Far-right party AUR resurrects the slogan of the former communist Securitate at the „We are not selling our country!” rally. The Securitate businessmen of the 1990s have been embezzling Romania under the pretext of protecting its resources
The extremist party AUR is organizing a protest at the Parliament on Saturday May 6th with the revised title „Defend Romania, the children, the wealth, the country!”. But the original title was ” We are not selling our country!”, according to Google cache. The original title is still used by some AUR branches, such as AUR Buftea. The slogan „We’re not selling our country!” was the pretext under which dozens of former secret agents and politicians plundered Romania’s economy in the 1990s. They thus stopped any economic modernization. AUR is bound by many threads to reservists in the security establishment.

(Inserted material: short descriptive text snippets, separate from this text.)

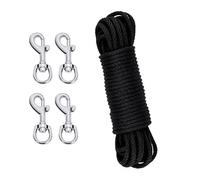 GLQ Corda 20m,Cuerda Trenzada Nylon 6mm para Cuerda Marinera-Negro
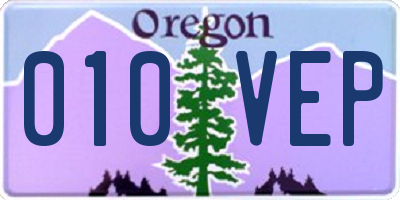 OR license plate 010VEP
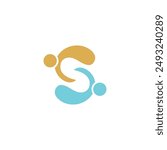 S People Logo Design. Letter S Icon Human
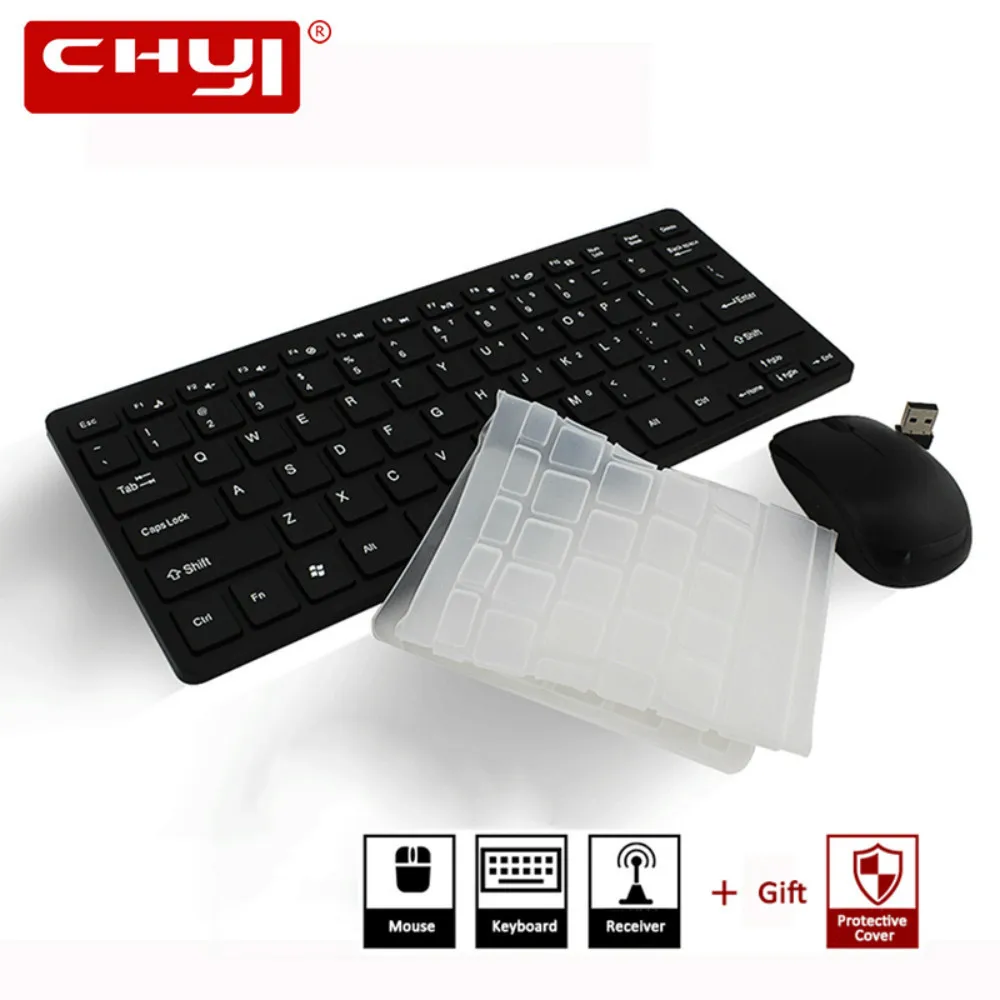 

CHYI High Quality Wireless Keyboard + Mouse Keyboard Mouse Set + Protective Cover Combo Kit For Computer Laptop PC Desktop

- Right from the first months of 1990, immediately after the fall of communism, the most liberal part of society and the political class demanded the opening up of the Romanian economy, the partial or total privatization of companies that urgently needed to be revamped and capitalized. The response of the exponents of the old communist regime was violent: miners’ strikes resulting in deaths and injuries, violent protests by politically controlled trade unions, virulent campaigns by parties such as the FSN/PDSR (the predecessors of the PSD) and România Mare (led by Corneliu Vadim Tudor). The effect? Until the 2000s, the economy was controlled with an iron fist by the exponents of the old Securitate (the repressive apparatus of the Romanian Communist Party), in the almost total absence of any infusion of foreign capital.

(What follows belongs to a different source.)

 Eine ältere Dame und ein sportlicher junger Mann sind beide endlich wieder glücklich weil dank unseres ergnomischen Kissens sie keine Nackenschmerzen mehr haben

Simion rallies against ‘poisonous’ projects
George Simion, president of AUR, used at a party event on Wednesday exactly the arguments used by the miners, the FSN, and the Romania Mare Party to reject privatizations. „All these poisonous, dangerous laws are coming to the Chamber of Deputies, which will privatize and force all state-owned companies – Hidroelectrica, Salrom, Romsilva – to be listed on the stock exchange. Well, why should they be listed on the stock exchange, why do we need to invest in Romsilva or Hidroelectrica? (…) All these harmful projects derive from the implementation of the damaging NRRP”.
However, the experience of the last three decades has shown that the listing of minority stakes on the stock exchange or the privatization of majority stakes in state-owned companies has led to the capitalization, modernization, and increased economic performance of state-owned companies. Stock exchange listings have led to increased transparency, active involvement of minority shareholders, and the exposure of corruption from within. In contrast, most companies with exclusively state capital have negative economic performances: CFR SA, Tarom, CFR Marfă, etc.

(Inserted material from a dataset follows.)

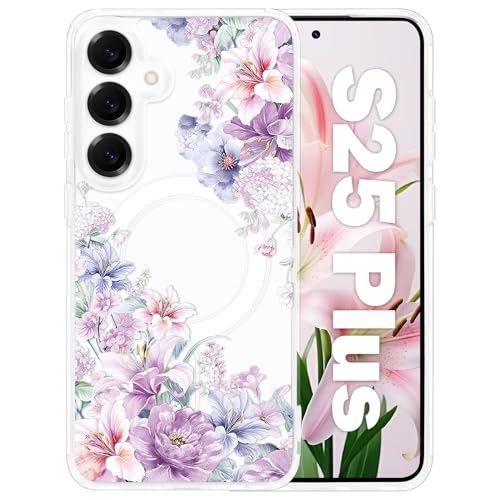 Tcaraersing Schutzhülle für Samsung Galaxy S25 Plus, Blumen-Design, magnetisch, kompatibel mit MagSafe, Blumenmuster, klar, stoßfest, harte Rückseite aus Polycarbonat, weicher TPU-Rand, schlanke Tcaraersing Schutzhülle für Samsung Galaxy S25 Plus, Blumen-Design, magnetisch, kompatibel mit MagSafe, Blumenmuster, klar, stoßfest, harte Rückseite aus Polycarbonat, weicher TPU-Rand, schlanke von Tcaraersing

Under the initial slogan „We don’t sell our country”, replaced at some point by „We defend Romania, our children, our wealth, our country!”, AUR is organizing a protest in front of the Parliament, at Izvor Park, on Saturday 6 May.
„On 6 May we are protesting against the anti-national and anti-family laws that the ruling coalition wants to promote. The more we are, the more we can stop projects like Pl-x 145, Pl-x 144, Pl-x 143, Pl-x 47 or the Education Laws!”, reads the event description.
In reality, all four bills concern attempts to modernize the state. Thus, PL-x No 145/2023 is a draft law on the organization of the work of preventing the separation of children from their families. The draft aims to establish clear rules for separating children from their families. The government, the initiator of the project, claims that the draft will prevent possible abuses, while the AUR denounces the taking of children away from their families.
Pl-x 144 concerns the profession of bailiff and introduces new provisions on the duties, rights, and obligations of bailiffs. Pl-x 47 is a draft law on sustainable urban mobility and aims to establish the framework within which local development policies are made and implemented, in order to lead to less pollution, development of public transport, reduction of time spent in traffic, reduction of the number of cars in cities, creation of infrastructure for bicycles, etc. AUR claims that the draft would lead to the transformation of cities into prisons, turning the urban concept called „15-minute city” into a real conspiracy theory (see more details in a Factual analysis).
Finally, Pl-x 143 is about improving the way state-owned companies are run. This is the project denounced by George Simion as „venomous”, and which would lead to the listing of minority stakes in state-owned companies.
Simion’s links to people in military systems
George Simion and AUR have strong connections with reservists in the military system and with current military personnel in the army, police, and intelligence services.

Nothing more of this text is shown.